In support of this design principle, we have taken steps to reduce the option space in our core suite of copyright tools. For example, we’ve made attribution mandatory in all our licenses, because almost
no one used a license version without it. We’ve also “retired” licenses that have unintended side effects, such as the developing nations license, which didn’t permit worldwide noncommercial verbatim
sharing, something that’s at the core of even the most restrictive CC license.
So, the current and hopefully longstanding CC attitude is that a goal of maximizing the value of the commons requires not just one solution, but a small set of them. As we’ve seen, a large set of options
facilitates lots of content and data silos, which drastically under-realize the potential of the commons. And as a steward of the global digital commons, this is a challenge to which we must always be
alert.
13. CC works for open
geodata
Openness requires good
design thinking
Help us for 4.0
Finally, as we move into the 4.0 license versioning process, we need your help and input.
14. 1.0 : 2002
2.0 : 2005
2.5 : 2005
3.0 : 2007
4.0 : next
Our licenses undergo a versioning process when deemed necessary, but hopefully only every few years. We’ve arguably gotten better at this process, as we released 4 versions in the first 5 years, and
version 3.0, the most recent, has been in place since 2007, almost another 5 years. Now is the right time to begin the work on 4.0, and we invite participants from the geodata community to join us as we
examine the next iteration of the suite. We’d like 4.0 to be a milestone for CC and its community, and increase the shelf life of this version even more.

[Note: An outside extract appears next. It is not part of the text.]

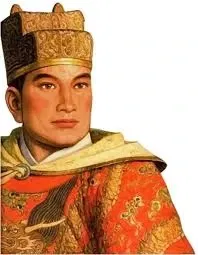 Avatar of Zheng He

A little detail about the versioning process: We take on both the small—for example typos in the legal code—and the large—major changes that reflect updates to the laws, judicial thought, and technical
realities since the last release.
In 3.0, for example, we 1) separated out the “international” or “generic” license from the United States license, 2) we harmonized treatment of moral rights and collecting societies, 3) we added language
that explicitly protects authors from implied endorsement, and 4) we implemented a compatibility structure for our Attribution-Share Alike license that allowed Wikipedia and other sites to convert to
Creative Commons and enjoy the benefits of interoperability with the rest of the world’s CC-licensed content.
15. data[bases]:
HUGE in 2011
We fully expect that version 4.0 will, by necessity, address the explosion of data and interest in making it available for creative reuse around the world. Having a set of users to provide us with feedback,
suggestions, and use cases will be essential to our success in making sure the full potential of a digital commons for data is realized. Some difficult issues that we’d like feedback on from the open
geodata community include might include: 1) implications and practical challenges presented by non-copyright database rights such as data protection regulations, privacy, and data governance; or 2)
suggestions about how to grow an interoperable geodata commons—via the adoption of standard public licenses and tools as opposed to customized solutions.
We welcome the geodata community to join us in the process as stakeholders. In turn, CC is excited to participate in the geodata community’s exploration of open data, so please draw on us, where
appropriate, as a supporting organization and resource hub.
Thanks again to Puneet and the workshop organizers, and I look forward to a great discussion.